PROBLEM DESCRIPTION ::
Would you repeat word for word the lines of the listing that follows, from the one with "Strapless Floral Maxi Dress - Pink & Orange" up to and including the one with "Short à rayures lin et coton", and leave out the images?

RECORDED INFORMATION ::
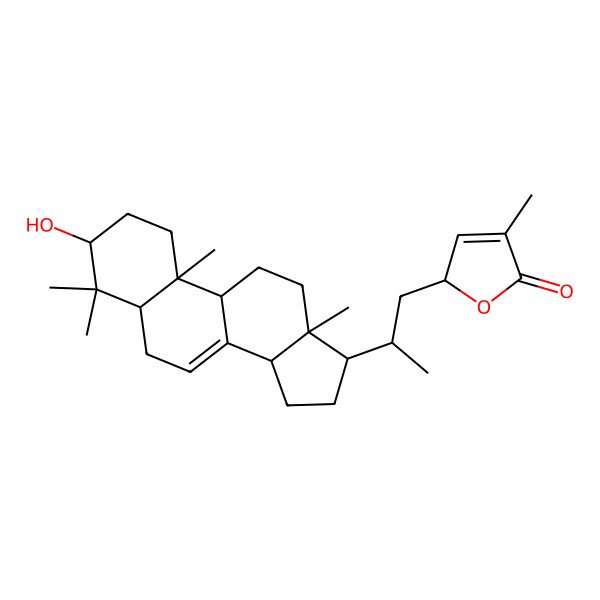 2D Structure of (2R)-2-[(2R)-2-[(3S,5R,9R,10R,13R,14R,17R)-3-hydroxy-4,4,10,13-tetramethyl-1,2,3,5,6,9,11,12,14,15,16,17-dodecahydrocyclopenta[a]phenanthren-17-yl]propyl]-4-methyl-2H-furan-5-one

--

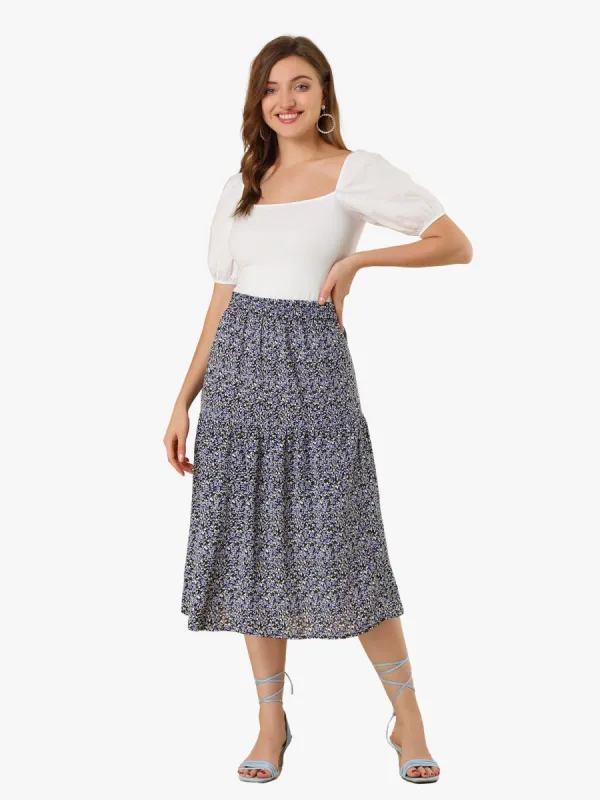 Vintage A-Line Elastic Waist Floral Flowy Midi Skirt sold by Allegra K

---

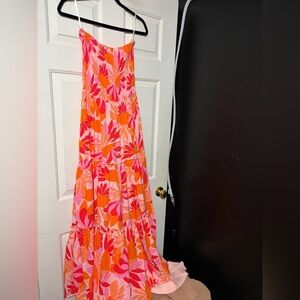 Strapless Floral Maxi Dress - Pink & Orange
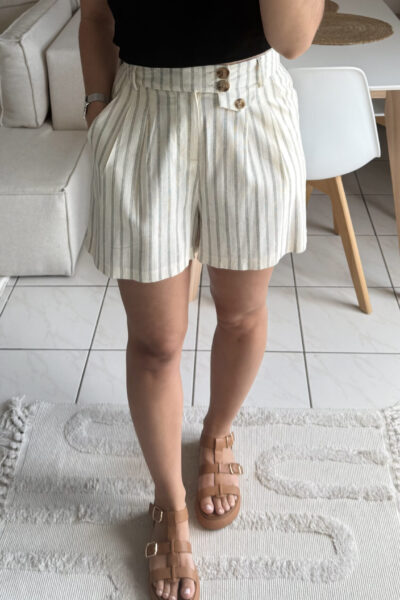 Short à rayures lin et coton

SOLUTION ::
 Strapless Floral Maxi Dress - Pink & Orange
 Short à rayures lin et coton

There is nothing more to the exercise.